- Requirement
From the entries below, reproduce exactly the lines from the one with "2 soveværelse Penthouse" through the one with "Plakat Kayu Unik Gresik", both included, without images.
** Exercise inputs follows **
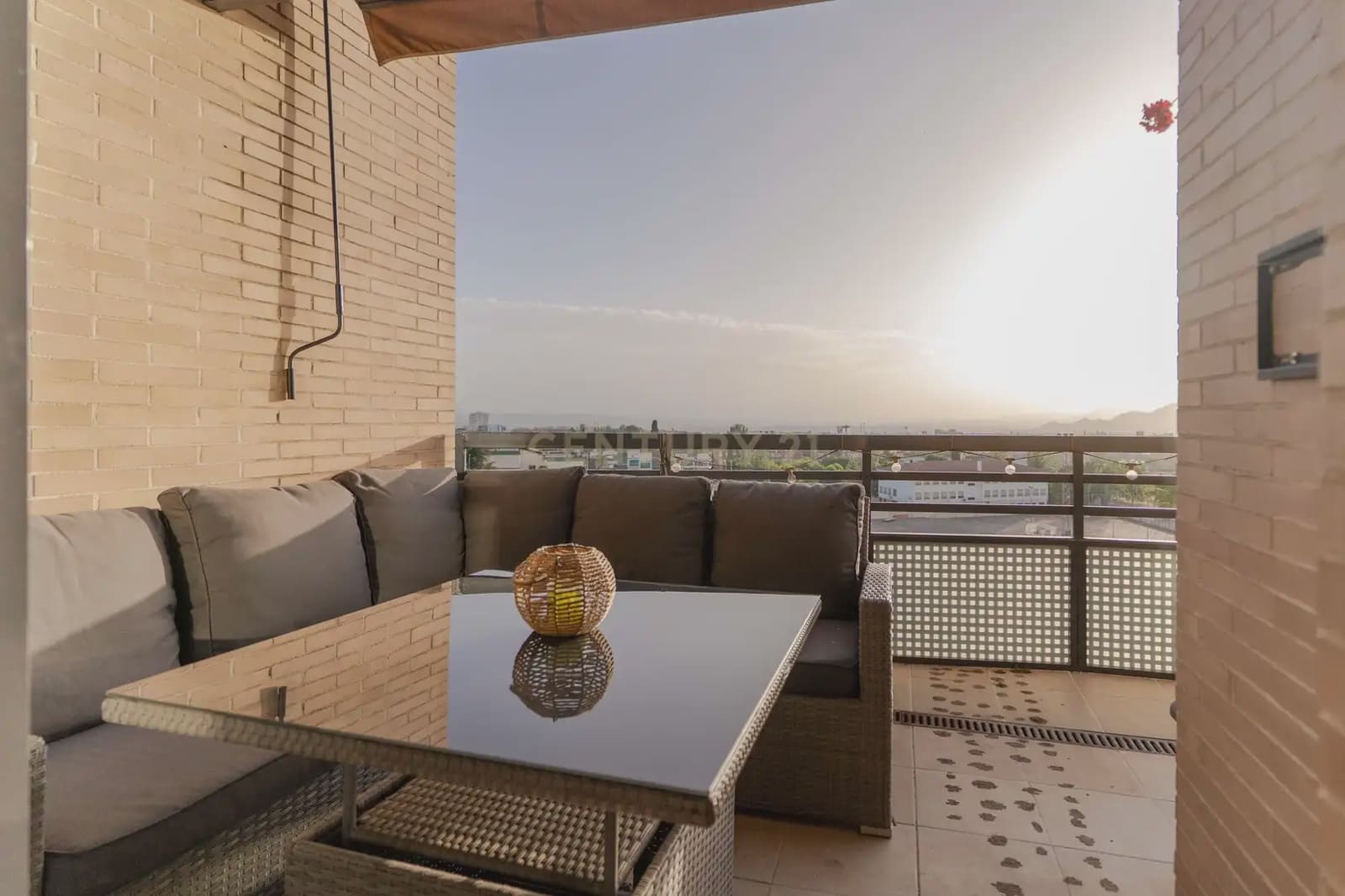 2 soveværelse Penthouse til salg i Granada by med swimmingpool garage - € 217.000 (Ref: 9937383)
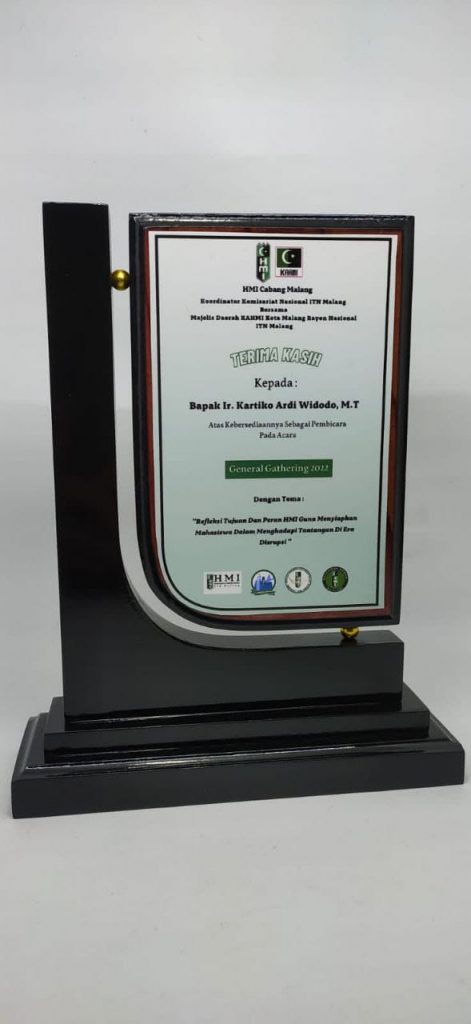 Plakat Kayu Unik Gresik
** End of Exercise inputs **
** Exercise inputs follows **
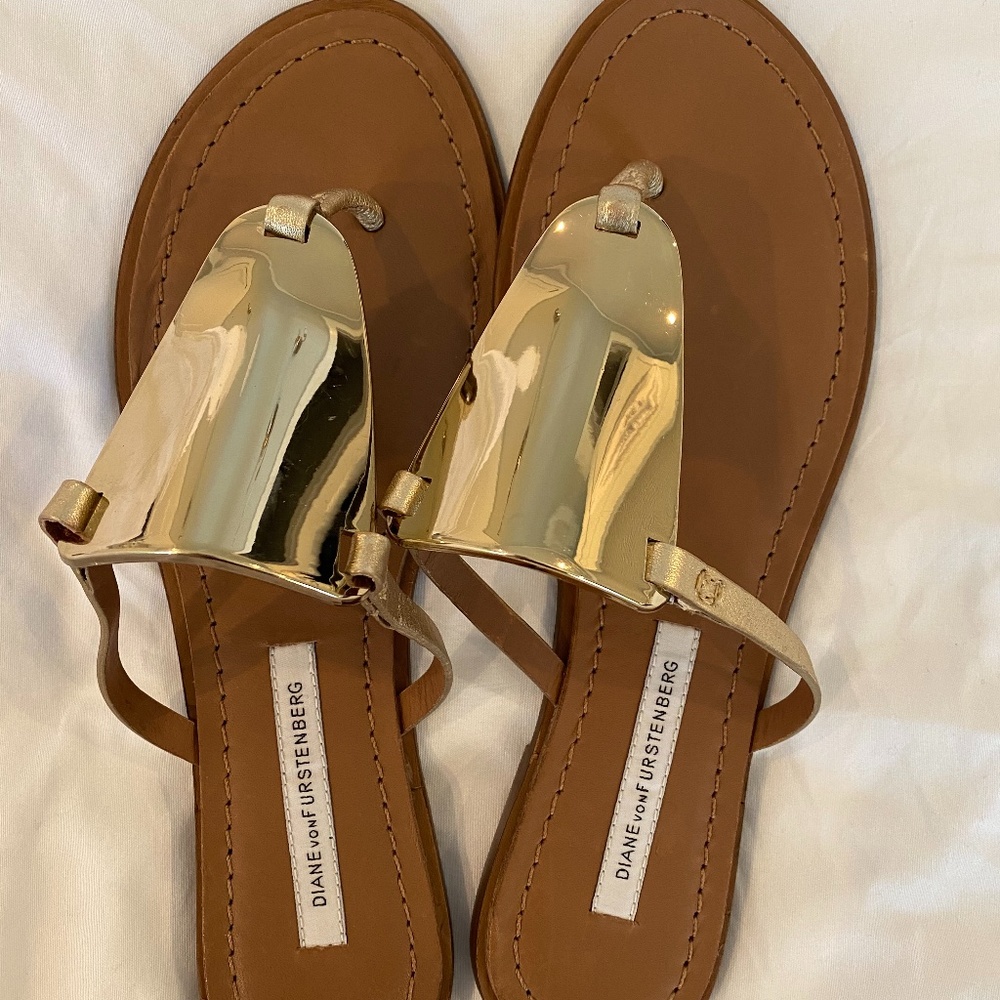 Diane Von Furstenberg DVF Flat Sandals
** End of Exercise inputs **
- Answer for this exercise
 2 soveværelse Penthouse til salg i Granada by med swimmingpool garage - € 217.000 (Ref: 9937383)
 Plakat Kayu Unik Gresik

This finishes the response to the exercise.